Yearning for the Sounds of Silence
During the run up to the presidential election, many of us echoed the refrain: “we’ll be glad when it’s over”.
But it’s not over, not really. Maybe not ever. People are just as divided and opinionated as they were during the campaign, maybe more so. Demonstrators take to the ramparts at the drop of a hat to protest whatever they don’t like, and to trash innocent businesses and to personally attack those who see things differently.
United States Senators in “the world’s greatest deliberative body” are anything but deliberative — in fact, any remaining veneer of civility has been pretty much stripped away in Washington.
This is a confusing state of affairs, which I find very depressing. I know I’m not alone, so allow me to offer two of my favorite quotations from the Trappist monk and writer Thomas Merton.
I hope you enjoy reading and reflecting on Merton’s words. Perhaps you will pass them along to others — maybe it will help, in some small way. I know they help me.

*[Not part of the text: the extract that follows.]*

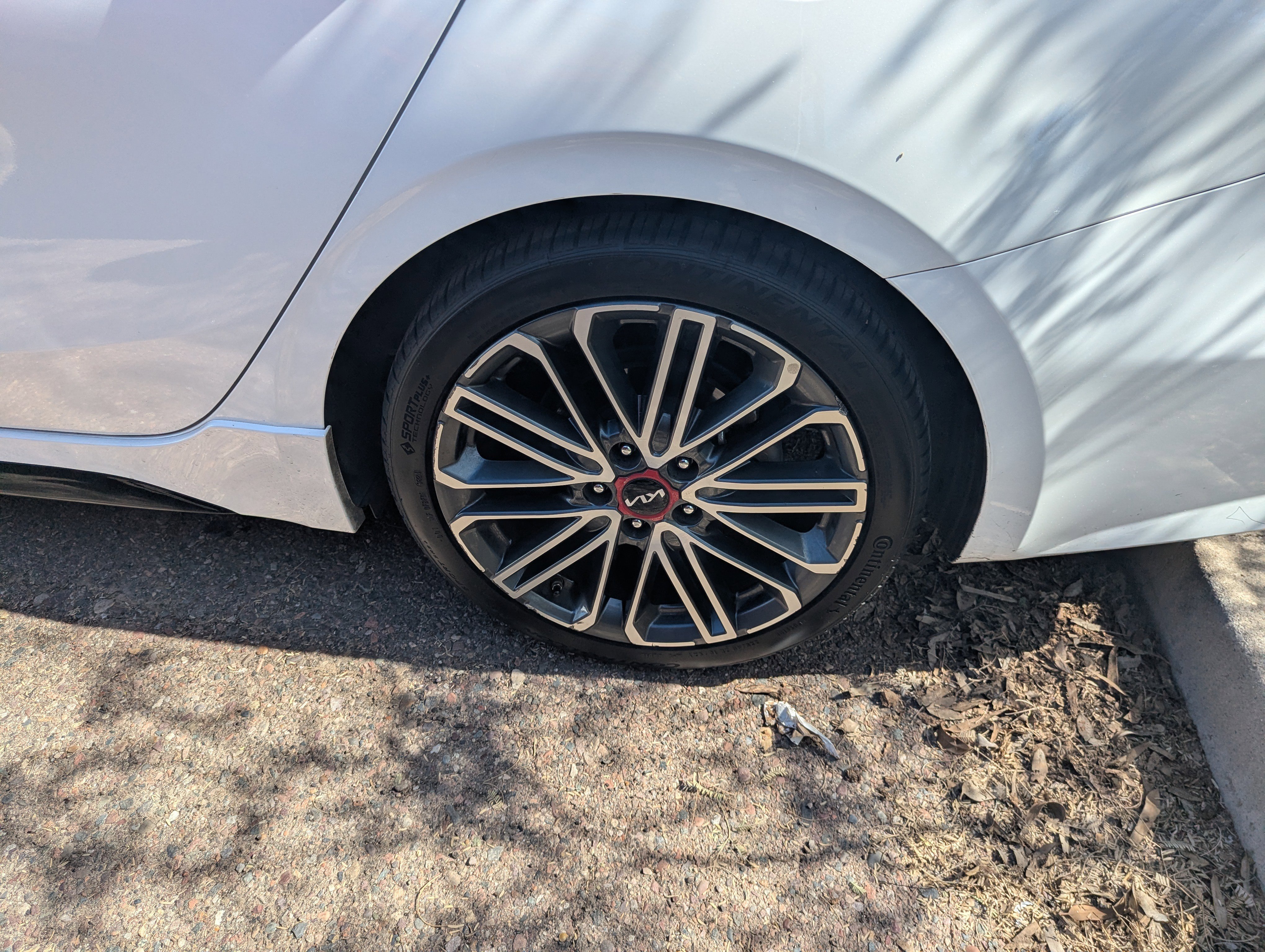 Certified 2022 Kia Forte GT image 10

It is not speaking that breaks our silence, but the anxiety to be heard. The words of the proud man impose silence on all others, so that he alone may be heard.
– Thoughts in Solitude
The world of men has forgotten the joys of silence, the peace of solitude which is necessary, to some extent, for the fullness of human living. Not all men are called to be hermits, but all men need enough silence and solitude in their lives to enable the deep inner voice of their own true self to be heard at least occasionally. When that inner voice is not heard, when man cannot attain to the spiritual peace that comes from being perfectly at one with his own true self, his life is always miserable and exhausting.